Exercise requirements. Under this line are records; the part from the line containing "מלון Almfrieden &" through the line containing "Aerial: top down" should be repeated exactly. Please exclude pictures.
- - -
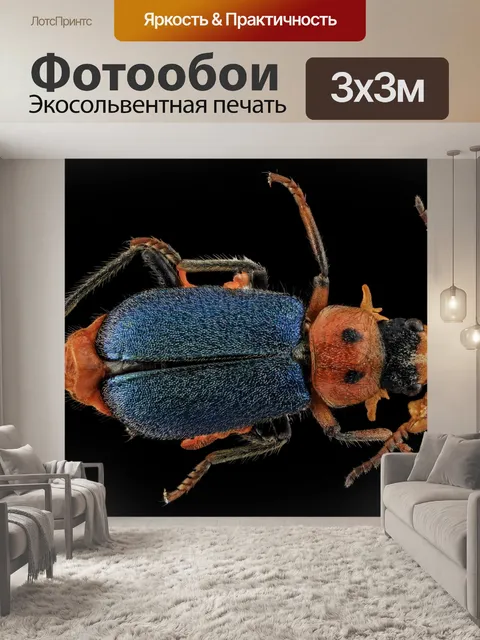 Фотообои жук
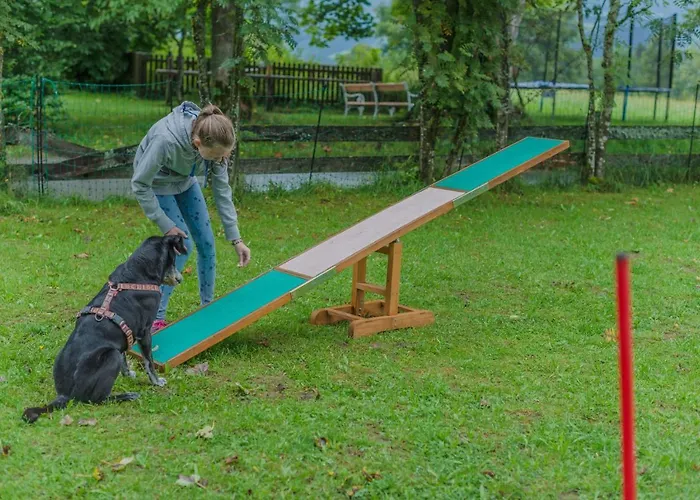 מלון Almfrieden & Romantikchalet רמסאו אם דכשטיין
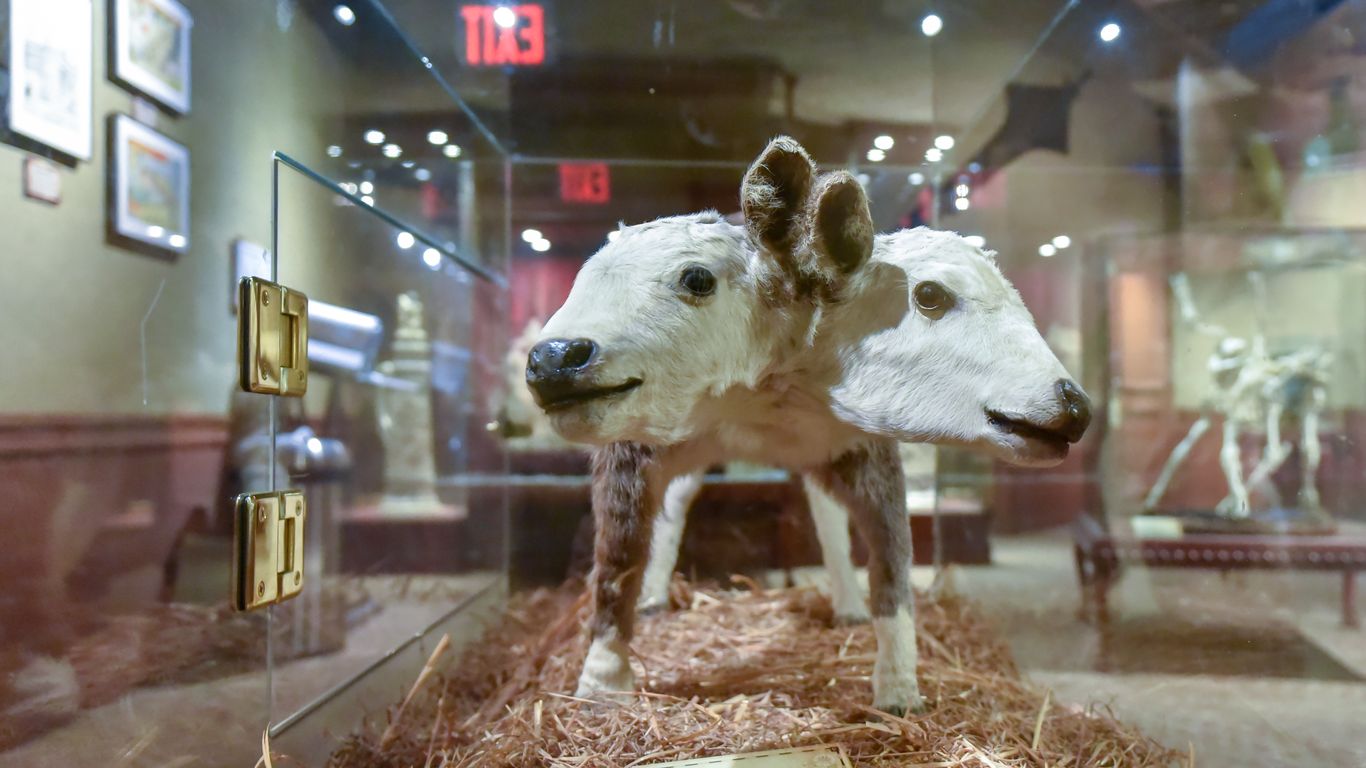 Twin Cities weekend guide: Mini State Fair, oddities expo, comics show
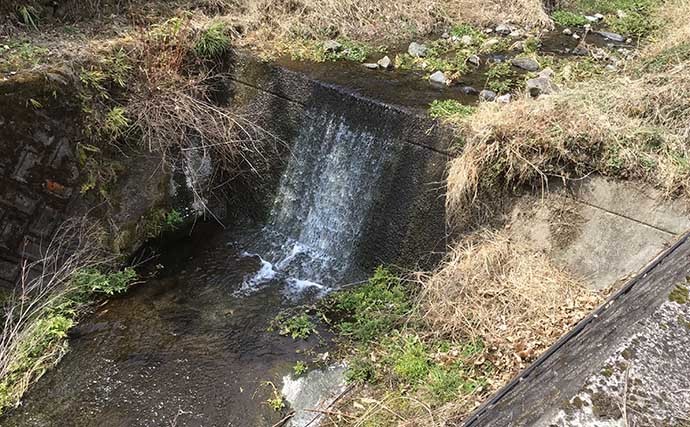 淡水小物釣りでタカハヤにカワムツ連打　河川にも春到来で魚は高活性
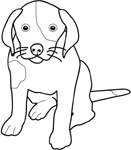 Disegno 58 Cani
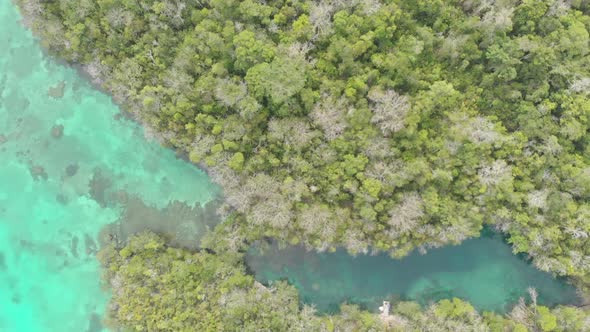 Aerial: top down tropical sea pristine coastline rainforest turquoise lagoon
- - -
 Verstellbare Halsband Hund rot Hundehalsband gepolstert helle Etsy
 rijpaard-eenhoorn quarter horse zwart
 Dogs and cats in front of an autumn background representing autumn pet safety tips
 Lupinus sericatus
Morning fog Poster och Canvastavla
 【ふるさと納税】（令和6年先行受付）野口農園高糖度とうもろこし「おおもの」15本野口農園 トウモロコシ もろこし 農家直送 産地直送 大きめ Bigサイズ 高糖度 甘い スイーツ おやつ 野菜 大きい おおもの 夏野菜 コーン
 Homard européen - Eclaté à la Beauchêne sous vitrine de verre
- - -
Answer to the exercise.
 מלון Almfrieden & Romantikchalet רמסאו אם דכשטיין
 Twin Cities weekend guide: Mini State Fair, oddities expo, comics show
 淡水小物釣りでタカハヤにカワムツ連打　河川にも春到来で魚は高活性
 Disegno 58 Cani
 Aerial: top down tropical sea pristine coastline rainforest turquoise lagoon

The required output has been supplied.